As Executive Chef at Rouge Tomate, when you create your seasonal menu’s, how does the environment around you influence what goes into each dish?
Everything influences my menu including the seasons, what’s at the market, what I have recently eaten at other restaurants, books and magazines that I read, the purveyors that we deal with including the local farms, fisheries and specialty stores. Mostly, however, what really influences me is the environment that we create here at Rouge Tomate. I have a number of sous chefs, as well as a dietician that I work with everyday. Between all of us, we bring so many different experiences, tastes and ideas to the table. The dishes on my menu are almost always a collaboration between two of us or even sometimes three or four of us. This kind of open environment, where my chefs as well as myself are constantly creating and changing the menu, lends itself to creating the most dynamic and interesting menu items that we can offer. One of the most unique aspects though, that sparks creativity for us in creating menu items are the parameters set by SPE which is the nutritional charter that we follow. Since its inception and the beginning of my work here at Rouge Tomate, this alone has been the most influential aspect for me in doing something truly unique and different than what I have done in the past. It truly shows you how guidelines, once thought by us as restrictions, spark the most creativity in terms of thinking outside the box.

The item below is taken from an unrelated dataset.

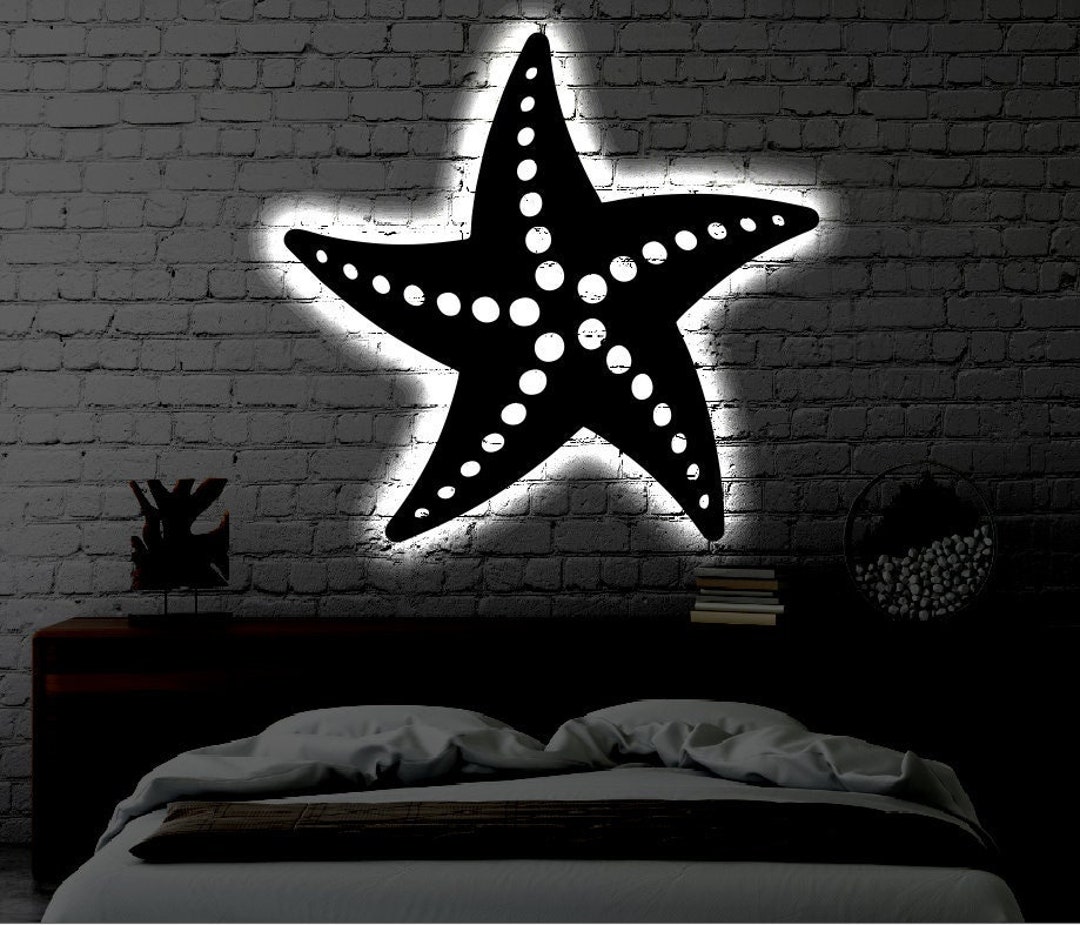 Sea Shell LED Metal Art Sign / Light up Sea Shell Metal Sign / Multi ...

What do you bring to the proverbial table that sets Rouge Tomate apart from other restaurants serving up modern American cuisine?
I think that all of my experiences leading up to this position have set the stage for the food that we cook here. I have been influenced by my previous chefs Daniel and Robuchon as well as by the chef positions that I have had in the past. I think that having worked in two of the best food cities in the country, San Francisco and New York has really shaped my approach to food. Working on the west coast has opened my eye to what seasonal cooking and farm to table cooking really means. The markets and environment there is like no other. The availability of the best produce, meats, fish and artisan products is just impossible to beat here in the U.S. The attitude towards dining and approach to food is truly unique and I will always embrace that for as long as I cook. As well, working in New York and for the people I have, has taught me how to run a restaurant, work hard and constantly challenges me to be the best that I can because of all the talent here in the city. It is my hometown and for me there is no other place that embodies the energy of the restaurant quite like it. All of this along with having run three restaurants previously, has given me the tools necessary to put together a truly unique restaurant like Rouge Tomate.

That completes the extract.